[Scraped caption text data]
════════

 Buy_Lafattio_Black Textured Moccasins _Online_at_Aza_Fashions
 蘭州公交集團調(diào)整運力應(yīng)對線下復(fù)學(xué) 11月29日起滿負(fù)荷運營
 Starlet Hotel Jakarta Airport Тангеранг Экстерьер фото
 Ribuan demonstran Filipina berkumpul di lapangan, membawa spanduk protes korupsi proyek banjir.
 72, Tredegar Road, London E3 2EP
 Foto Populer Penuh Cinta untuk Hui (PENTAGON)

════════

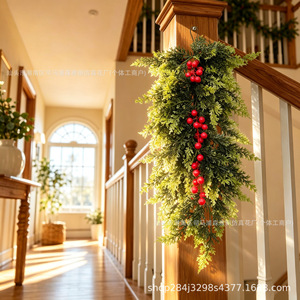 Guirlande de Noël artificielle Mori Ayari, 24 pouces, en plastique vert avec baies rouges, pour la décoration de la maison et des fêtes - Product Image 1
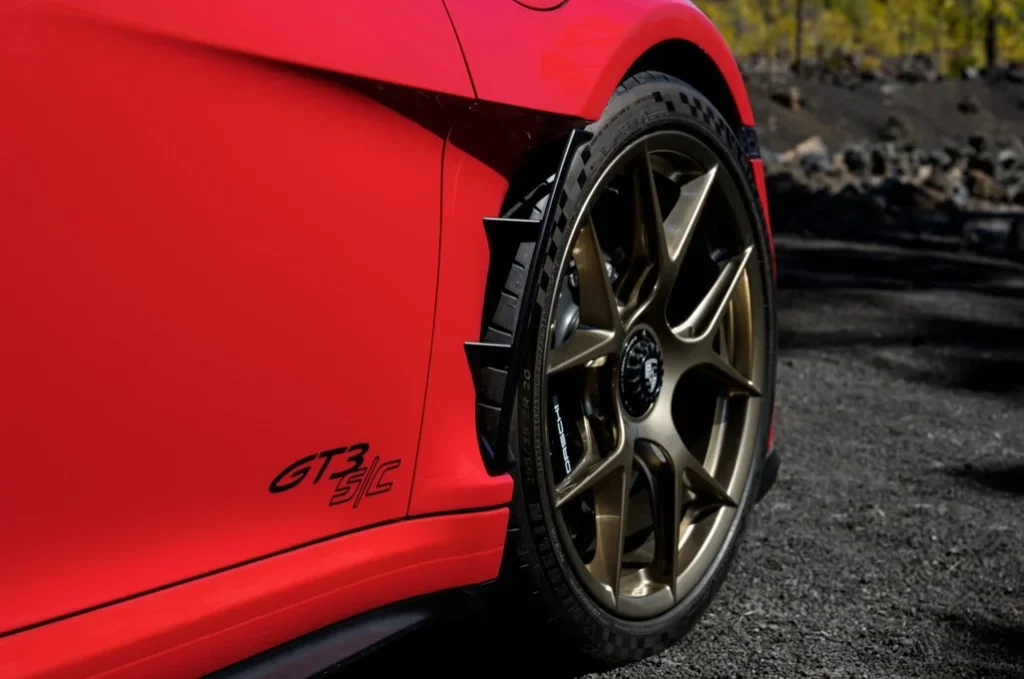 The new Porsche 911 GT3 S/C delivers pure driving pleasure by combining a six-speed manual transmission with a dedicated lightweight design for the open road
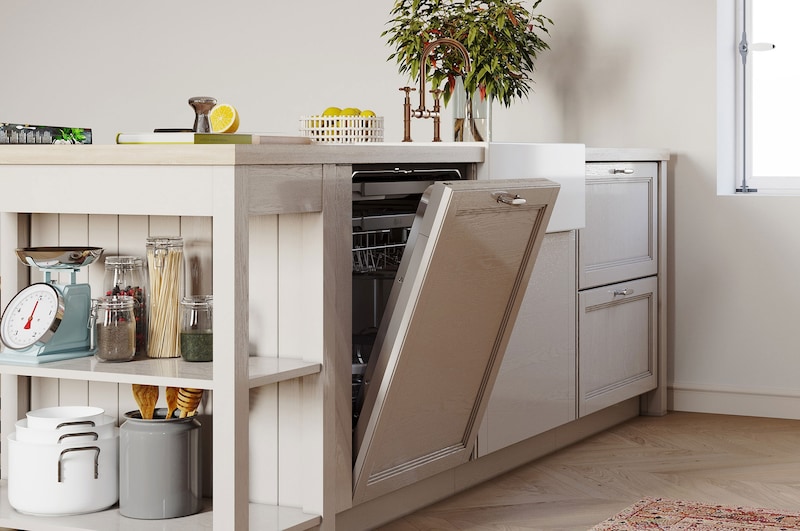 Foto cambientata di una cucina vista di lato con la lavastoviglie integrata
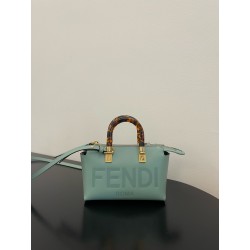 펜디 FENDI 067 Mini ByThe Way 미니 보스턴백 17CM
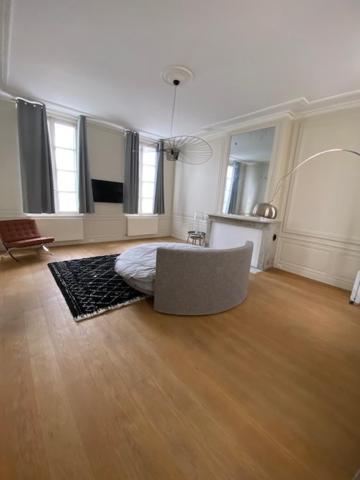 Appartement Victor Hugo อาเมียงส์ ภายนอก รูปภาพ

════════

Problem requirements ▸ As the answer, set down only the lines from the data above between the one holding "Buy_Lafattio_Black Textured Moccasins" and the one holding "Foto Populer Penuh", inclusive, exactly as they read.

Task response ▸
 Buy_Lafattio_Black Textured Moccasins _Online_at_Aza_Fashions
 蘭州公交集團調(diào)整運力應(yīng)對線下復(fù)學(xué) 11月29日起滿負(fù)荷運營
 Starlet Hotel Jakarta Airport Тангеранг Экстерьер фото
 Ribuan demonstran Filipina berkumpul di lapangan, membawa spanduk protes korupsi proyek banjir.
 72, Tredegar Road, London E3 2EP
 Foto Populer Penuh Cinta untuk Hui (PENTAGON)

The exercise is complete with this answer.